Not really. If Lucifer is aware of what Luke has in store he has ways of countering it. Many of Lucifers abilities Luke has no way to counter, even if he sees it comming. Plus it's not the same as experiencing a future moment, and being able to approach it at your leisure.


----------



## Orochibuto (Feb 21, 2012)

Isnt the Cambion > Lucifer? Being the most powerful reality warper bar God?


----------



## Ulti (Feb 21, 2012)

Was gonna say, the 6 year old who could end Heaven if he wanted to


----------



## Gone (Feb 21, 2012)

Idk if that kid was > Lucifer really, at least not yet, although he had some crazy hax. Not sure how he was that powerful though, only being a half human half demon...


----------



## Matta Clatta (Feb 21, 2012)

I haven't finished reading through this thread yet but I already know by the OP that the Warsies are scaling telapathy by the number of people effected. That's not a feat on power just range

Anyway Luke wastes time trying to break into Lucifer's mind and probably gets exploded.

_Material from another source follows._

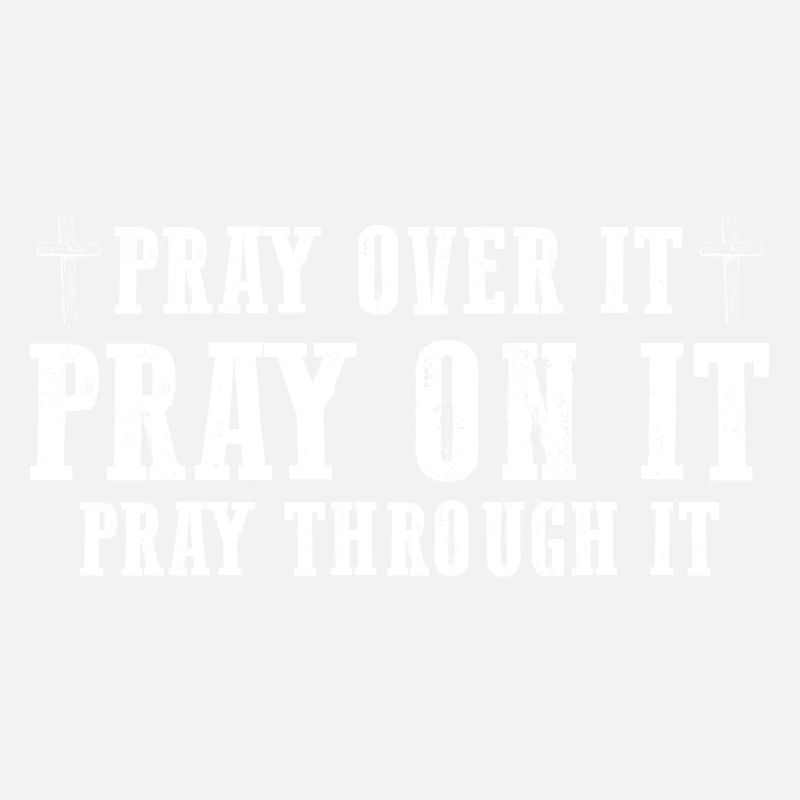 Pray On It Pray Over It Pray Through It Christian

I'll come back with a more definitive take when I finish reading the thread


----------



## Amae (Feb 21, 2012)

That doesn't make much sense. Why wouldn't the number of people effected not be a feat of power? Range would be how far they can extend their telepathic range.


----------



## Matta Clatta (Feb 21, 2012)

If you are mentally reaching out over an entire planet that's range, you can't stack one undefended mind over and over again you aren't flexing power at all that way. Its like saying someone touching the mind of every person on the planet means that this person can only be challenged by someone with comparable range which just isn't true at all.

Anyway yeah I caught up with the thread I think timeloops and timestopping would be too much for Luke Shatterpoints ain't helping him if there's no way around an inevitable outcome.


----------



## Eldritch Sukima (Feb 21, 2012)

Mind raping two people simultaneously takes more power than mind raping one. Seems simple enough to me.


----------



## Gone (Feb 21, 2012)

Eldritch Sukima said:


> Mind raping two people simultaneously takes more power than mind raping one. Seems simple enough to me.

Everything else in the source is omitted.